Aim of the exercise = Keep to one stretch of the data below, the lines from the one with "3GCPKSE70CG****** 2012 Chevrolet" up to and including the one with "0.75KW 1.5KW 2.2KW", and return that stretch exactly.

Collected data entries
== Segment start ==

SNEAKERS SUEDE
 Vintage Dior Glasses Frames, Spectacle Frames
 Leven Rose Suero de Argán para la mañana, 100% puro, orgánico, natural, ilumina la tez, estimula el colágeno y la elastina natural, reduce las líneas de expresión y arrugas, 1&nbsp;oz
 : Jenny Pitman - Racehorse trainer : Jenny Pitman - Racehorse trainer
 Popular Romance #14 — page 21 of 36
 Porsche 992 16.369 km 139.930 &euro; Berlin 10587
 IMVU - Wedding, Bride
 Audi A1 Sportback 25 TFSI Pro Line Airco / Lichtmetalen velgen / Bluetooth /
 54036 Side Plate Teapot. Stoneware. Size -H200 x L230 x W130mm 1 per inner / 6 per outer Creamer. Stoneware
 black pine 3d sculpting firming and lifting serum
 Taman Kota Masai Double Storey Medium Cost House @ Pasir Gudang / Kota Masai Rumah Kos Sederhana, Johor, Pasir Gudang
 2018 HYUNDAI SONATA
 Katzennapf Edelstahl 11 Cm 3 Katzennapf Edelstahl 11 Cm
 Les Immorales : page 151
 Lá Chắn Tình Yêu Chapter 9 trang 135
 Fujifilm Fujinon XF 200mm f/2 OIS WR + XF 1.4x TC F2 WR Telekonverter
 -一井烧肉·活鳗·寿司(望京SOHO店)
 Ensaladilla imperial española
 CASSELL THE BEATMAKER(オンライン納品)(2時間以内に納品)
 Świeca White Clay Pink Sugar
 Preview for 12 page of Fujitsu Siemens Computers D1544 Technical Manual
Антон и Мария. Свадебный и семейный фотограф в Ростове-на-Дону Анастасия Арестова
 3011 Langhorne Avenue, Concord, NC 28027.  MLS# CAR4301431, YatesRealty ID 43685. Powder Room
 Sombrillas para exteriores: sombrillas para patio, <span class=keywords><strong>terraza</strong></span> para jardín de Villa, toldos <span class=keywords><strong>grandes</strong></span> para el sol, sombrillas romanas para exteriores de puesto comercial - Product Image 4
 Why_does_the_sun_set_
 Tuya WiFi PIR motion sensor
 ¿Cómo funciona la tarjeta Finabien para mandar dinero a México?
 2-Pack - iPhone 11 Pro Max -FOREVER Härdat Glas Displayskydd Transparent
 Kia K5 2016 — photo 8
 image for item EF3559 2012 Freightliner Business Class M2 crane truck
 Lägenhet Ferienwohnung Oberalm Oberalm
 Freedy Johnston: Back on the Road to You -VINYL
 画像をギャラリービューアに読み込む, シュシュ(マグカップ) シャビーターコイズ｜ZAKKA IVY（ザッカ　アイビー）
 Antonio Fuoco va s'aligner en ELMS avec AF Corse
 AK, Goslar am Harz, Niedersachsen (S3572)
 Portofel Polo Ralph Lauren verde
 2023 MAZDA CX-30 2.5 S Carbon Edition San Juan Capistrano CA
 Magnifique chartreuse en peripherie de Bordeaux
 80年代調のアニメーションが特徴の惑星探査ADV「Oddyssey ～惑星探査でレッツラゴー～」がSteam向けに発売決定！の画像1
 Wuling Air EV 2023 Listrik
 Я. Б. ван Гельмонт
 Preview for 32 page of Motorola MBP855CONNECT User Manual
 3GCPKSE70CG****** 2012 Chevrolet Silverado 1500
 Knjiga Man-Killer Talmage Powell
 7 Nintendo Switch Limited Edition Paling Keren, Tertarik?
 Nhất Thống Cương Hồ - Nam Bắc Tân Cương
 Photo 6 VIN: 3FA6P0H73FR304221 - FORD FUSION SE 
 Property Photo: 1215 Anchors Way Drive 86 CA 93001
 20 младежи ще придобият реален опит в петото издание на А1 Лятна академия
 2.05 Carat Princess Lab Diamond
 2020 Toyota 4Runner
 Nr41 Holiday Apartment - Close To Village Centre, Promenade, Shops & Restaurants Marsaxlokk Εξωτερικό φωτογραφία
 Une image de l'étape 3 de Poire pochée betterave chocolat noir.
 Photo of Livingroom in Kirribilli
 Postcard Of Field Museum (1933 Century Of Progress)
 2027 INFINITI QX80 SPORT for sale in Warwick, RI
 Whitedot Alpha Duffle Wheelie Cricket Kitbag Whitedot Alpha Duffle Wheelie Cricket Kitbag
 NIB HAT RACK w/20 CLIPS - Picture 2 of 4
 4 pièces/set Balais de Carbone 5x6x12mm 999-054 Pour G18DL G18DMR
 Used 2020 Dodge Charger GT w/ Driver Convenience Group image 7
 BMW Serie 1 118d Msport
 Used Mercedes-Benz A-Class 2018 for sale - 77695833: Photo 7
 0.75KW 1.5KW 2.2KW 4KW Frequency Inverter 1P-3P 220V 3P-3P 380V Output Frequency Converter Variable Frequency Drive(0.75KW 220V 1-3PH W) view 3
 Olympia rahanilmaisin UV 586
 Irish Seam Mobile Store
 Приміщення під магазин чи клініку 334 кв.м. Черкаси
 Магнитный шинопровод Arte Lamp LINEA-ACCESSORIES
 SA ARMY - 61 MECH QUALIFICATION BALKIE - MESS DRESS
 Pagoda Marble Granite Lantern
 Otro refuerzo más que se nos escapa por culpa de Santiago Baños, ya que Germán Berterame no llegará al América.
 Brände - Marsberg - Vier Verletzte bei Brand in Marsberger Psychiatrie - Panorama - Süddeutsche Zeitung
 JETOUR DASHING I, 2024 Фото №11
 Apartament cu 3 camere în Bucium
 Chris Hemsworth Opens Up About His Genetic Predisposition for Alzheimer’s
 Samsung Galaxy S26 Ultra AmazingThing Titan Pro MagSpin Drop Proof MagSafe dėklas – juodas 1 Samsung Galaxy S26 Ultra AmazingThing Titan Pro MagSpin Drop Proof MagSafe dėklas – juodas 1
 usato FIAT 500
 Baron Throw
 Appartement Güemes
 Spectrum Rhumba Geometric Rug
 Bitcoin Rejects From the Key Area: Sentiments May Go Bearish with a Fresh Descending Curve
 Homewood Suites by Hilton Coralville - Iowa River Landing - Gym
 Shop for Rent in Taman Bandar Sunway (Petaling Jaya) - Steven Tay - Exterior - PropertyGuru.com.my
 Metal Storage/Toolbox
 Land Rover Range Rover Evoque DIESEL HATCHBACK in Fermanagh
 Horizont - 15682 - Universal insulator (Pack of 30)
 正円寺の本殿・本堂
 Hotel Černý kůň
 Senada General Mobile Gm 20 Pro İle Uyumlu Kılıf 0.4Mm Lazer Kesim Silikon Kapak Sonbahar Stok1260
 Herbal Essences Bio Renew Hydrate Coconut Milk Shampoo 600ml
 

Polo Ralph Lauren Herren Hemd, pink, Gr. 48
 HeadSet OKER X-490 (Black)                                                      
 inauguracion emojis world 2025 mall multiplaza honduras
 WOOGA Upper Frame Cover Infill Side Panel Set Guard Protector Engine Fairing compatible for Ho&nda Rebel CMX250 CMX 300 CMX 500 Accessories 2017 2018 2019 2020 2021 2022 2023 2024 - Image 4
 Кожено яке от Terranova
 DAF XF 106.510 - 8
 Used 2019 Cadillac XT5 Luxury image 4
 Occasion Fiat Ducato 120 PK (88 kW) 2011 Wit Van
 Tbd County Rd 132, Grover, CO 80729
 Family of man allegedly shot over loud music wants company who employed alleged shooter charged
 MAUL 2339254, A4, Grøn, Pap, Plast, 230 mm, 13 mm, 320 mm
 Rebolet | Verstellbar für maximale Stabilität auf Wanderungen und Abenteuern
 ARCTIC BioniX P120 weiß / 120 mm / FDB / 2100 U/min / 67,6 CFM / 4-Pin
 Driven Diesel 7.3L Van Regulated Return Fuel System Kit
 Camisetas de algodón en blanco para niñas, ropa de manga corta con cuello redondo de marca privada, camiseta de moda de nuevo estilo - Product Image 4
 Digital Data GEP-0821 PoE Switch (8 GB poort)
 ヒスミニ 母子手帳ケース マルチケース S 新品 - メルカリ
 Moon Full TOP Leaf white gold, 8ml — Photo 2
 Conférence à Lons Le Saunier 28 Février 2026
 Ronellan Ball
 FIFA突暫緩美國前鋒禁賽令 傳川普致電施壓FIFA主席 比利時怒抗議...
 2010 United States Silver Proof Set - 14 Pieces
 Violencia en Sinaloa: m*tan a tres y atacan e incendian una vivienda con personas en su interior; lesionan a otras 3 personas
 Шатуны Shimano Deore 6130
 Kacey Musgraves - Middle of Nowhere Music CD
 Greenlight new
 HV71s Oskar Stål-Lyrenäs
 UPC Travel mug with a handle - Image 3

== Segment end ==

Exercise result =
 3GCPKSE70CG****** 2012 Chevrolet Silverado 1500
 Knjiga Man-Killer Talmage Powell
 7 Nintendo Switch Limited Edition Paling Keren, Tertarik?
 Nhất Thống Cương Hồ - Nam Bắc Tân Cương
 Photo 6 VIN: 3FA6P0H73FR304221 - FORD FUSION SE 
 Property Photo: 1215 Anchors Way Drive 86 CA 93001
 20 младежи ще придобият реален опит в петото издание на А1 Лятна академия
 2.05 Carat Princess Lab Diamond
 2020 Toyota 4Runner
 Nr41 Holiday Apartment - Close To Village Centre, Promenade, Shops & Restaurants Marsaxlokk Εξωτερικό φωτογραφία
 Une image de l'étape 3 de Poire pochée betterave chocolat noir.
 Photo of Livingroom in Kirribilli
 Postcard Of Field Museum (1933 Century Of Progress)
 2027 INFINITI QX80 SPORT for sale in Warwick, RI
 Whitedot Alpha Duffle Wheelie Cricket Kitbag Whitedot Alpha Duffle Wheelie Cricket Kitbag
 NIB HAT RACK w/20 CLIPS - Picture 2 of 4
 4 pièces/set Balais de Carbone 5x6x12mm 999-054 Pour G18DL G18DMR
 Used 2020 Dodge Charger GT w/ Driver Convenience Group image 7
 BMW Serie 1 118d Msport
 Used Mercedes-Benz A-Class 2018 for sale - 77695833: Photo 7
 0.75KW 1.5KW 2.2KW 4KW Frequency Inverter 1P-3P 220V 3P-3P 380V Output Frequency Converter Variable Frequency Drive(0.75KW 220V 1-3PH W) view 3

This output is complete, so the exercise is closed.